* PROBLEM REQUIREMENTS
Copy out exactly the stretch of the listing below that begins at the line containing "Volvo FM 380.26-CAMIONES GRUA" and ends at the line containing "casas - Se Vende Casa en Costa Verde 2", and copy nothing outside it.

DATA FOR REVIEW: Begin

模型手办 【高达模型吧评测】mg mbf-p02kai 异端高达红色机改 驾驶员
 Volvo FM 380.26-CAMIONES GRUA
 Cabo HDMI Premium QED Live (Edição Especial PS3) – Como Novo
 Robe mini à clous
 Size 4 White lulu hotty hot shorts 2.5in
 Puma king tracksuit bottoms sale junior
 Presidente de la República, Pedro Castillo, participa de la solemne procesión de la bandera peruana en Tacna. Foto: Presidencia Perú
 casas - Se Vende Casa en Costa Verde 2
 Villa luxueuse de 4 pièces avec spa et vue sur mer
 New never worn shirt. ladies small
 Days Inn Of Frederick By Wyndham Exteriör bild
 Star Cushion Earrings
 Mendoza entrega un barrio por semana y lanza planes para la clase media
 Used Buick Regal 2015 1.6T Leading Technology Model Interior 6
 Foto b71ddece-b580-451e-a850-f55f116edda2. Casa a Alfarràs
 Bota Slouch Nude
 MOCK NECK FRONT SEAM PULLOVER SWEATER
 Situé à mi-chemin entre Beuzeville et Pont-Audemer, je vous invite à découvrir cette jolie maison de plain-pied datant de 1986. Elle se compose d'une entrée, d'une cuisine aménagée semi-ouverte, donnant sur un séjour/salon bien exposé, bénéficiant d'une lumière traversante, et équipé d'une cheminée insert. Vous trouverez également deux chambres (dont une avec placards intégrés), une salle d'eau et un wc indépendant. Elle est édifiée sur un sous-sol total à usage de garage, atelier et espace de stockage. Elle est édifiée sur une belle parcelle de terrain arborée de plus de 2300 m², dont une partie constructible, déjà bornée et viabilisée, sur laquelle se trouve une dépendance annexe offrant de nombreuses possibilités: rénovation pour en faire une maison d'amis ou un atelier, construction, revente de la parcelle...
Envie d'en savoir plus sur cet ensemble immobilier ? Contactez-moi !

DATA FOR REVIEW: End

* TASK OUTPUT
 Volvo FM 380.26-CAMIONES GRUA
 Cabo HDMI Premium QED Live (Edição Especial PS3) – Como Novo
 Robe mini à clous
 Size 4 White lulu hotty hot shorts 2.5in
 Puma king tracksuit bottoms sale junior
 Presidente de la República, Pedro Castillo, participa de la solemne procesión de la bandera peruana en Tacna. Foto: Presidencia Perú
 casas - Se Vende Casa en Costa Verde 2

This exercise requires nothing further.